Aim of the exercise:
In the entries below, which lines run from the one with "Atlas Antibodies Anti-NCSTN Antibody" through the one with "Рентген на дому: по"? Repeat exactly those, both included, and no pictures.

Entries provided:
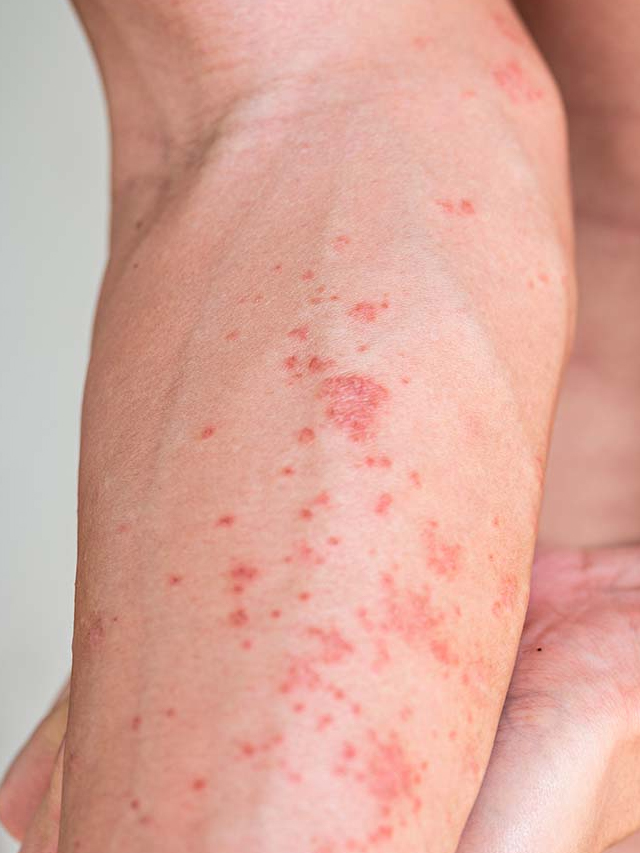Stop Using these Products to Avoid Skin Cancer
--
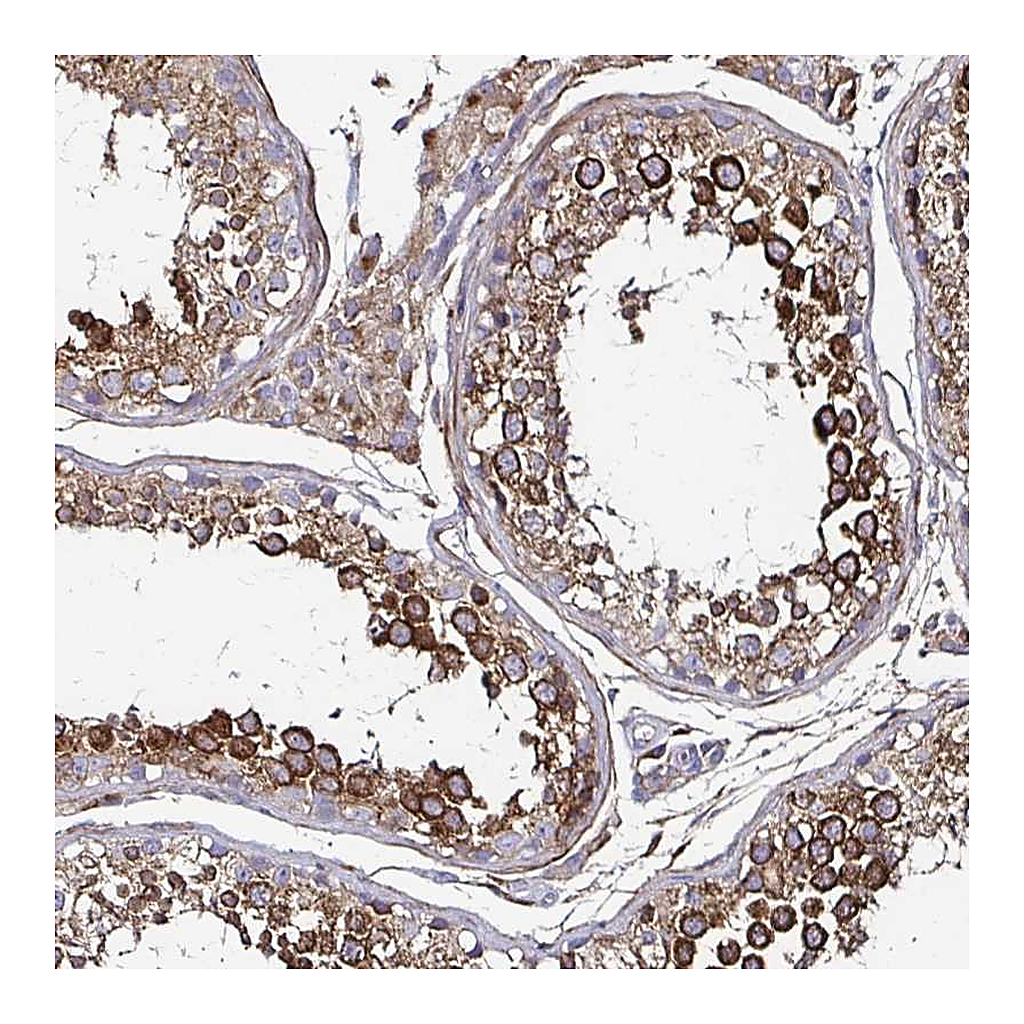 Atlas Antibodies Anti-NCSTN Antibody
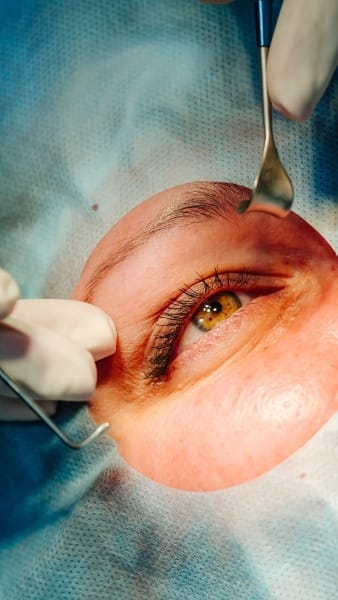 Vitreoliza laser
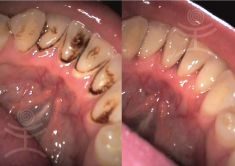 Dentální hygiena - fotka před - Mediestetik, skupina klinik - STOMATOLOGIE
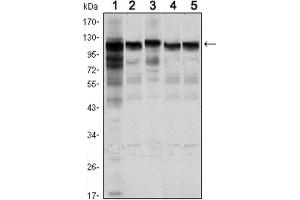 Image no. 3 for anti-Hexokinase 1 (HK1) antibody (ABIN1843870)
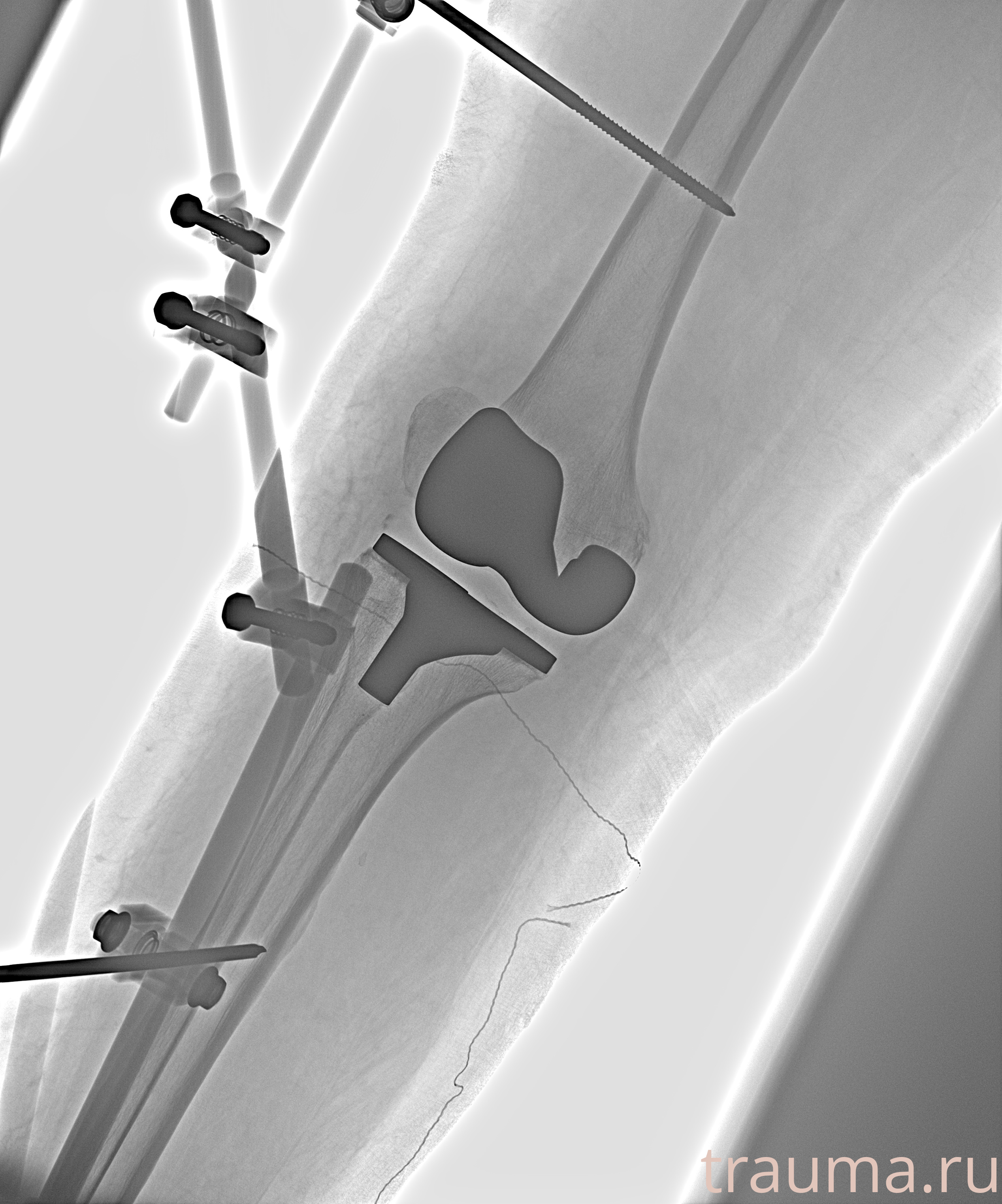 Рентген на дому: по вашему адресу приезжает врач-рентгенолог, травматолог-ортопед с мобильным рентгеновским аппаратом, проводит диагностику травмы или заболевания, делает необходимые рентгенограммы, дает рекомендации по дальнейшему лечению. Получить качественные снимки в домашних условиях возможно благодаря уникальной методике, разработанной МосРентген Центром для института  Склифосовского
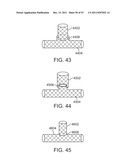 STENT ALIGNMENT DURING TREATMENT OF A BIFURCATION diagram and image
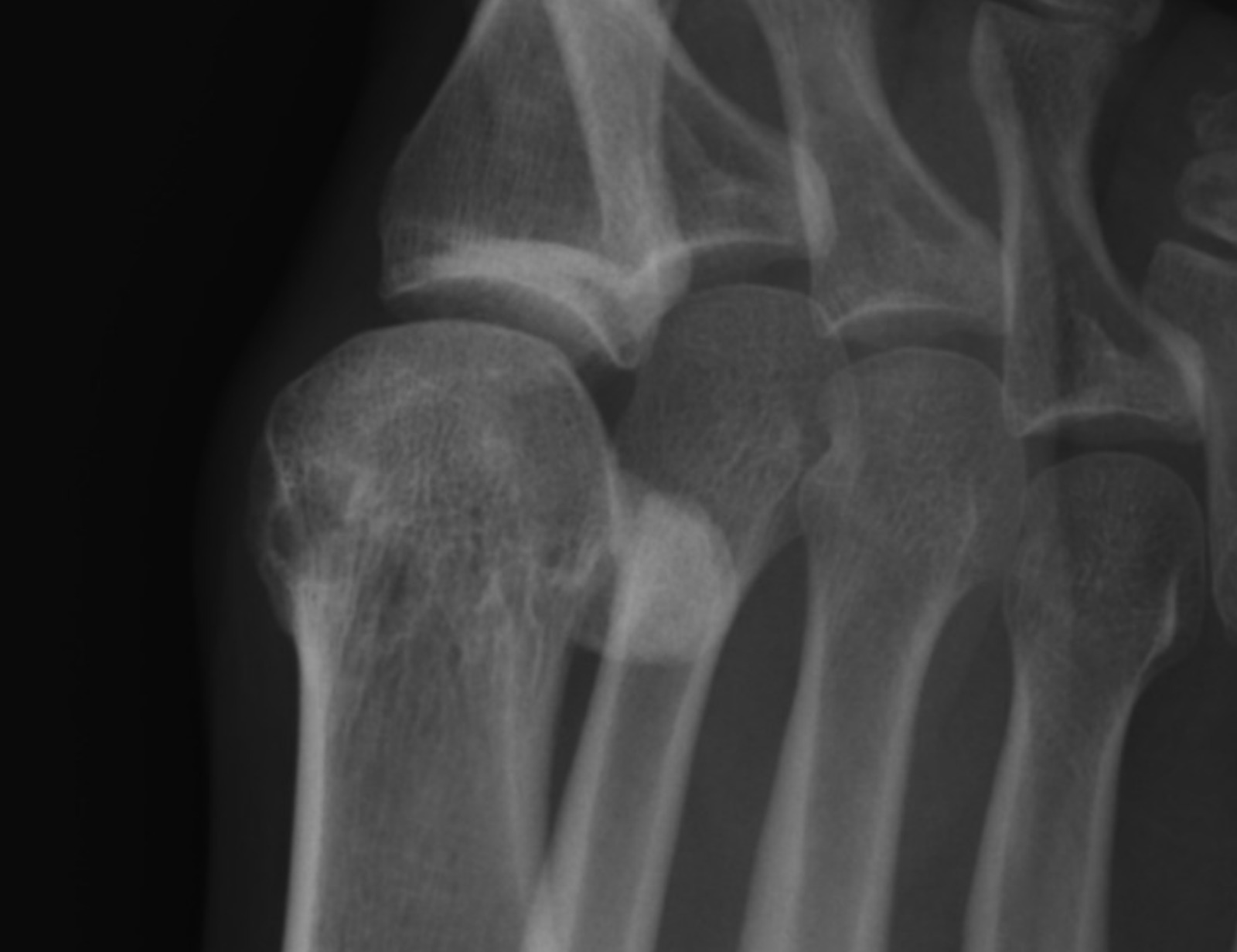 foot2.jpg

Answer to the exercise:
 Atlas Antibodies Anti-NCSTN Antibody
 Vitreoliza laser
 Dentální hygiena - fotka před - Mediestetik, skupina klinik - STOMATOLOGIE
 Image no. 3 for anti-Hexokinase 1 (HK1) antibody (ABIN1843870)
 Рентген на дому: по вашему адресу приезжает врач-рентгенолог, травматолог-ортопед с мобильным рентгеновским аппаратом, проводит диагностику травмы или заболевания, делает необходимые рентгенограммы, дает рекомендации по дальнейшему лечению. Получить качественные снимки в домашних условиях возможно благодаря уникальной методике, разработанной МосРентген Центром для института  Склифосовского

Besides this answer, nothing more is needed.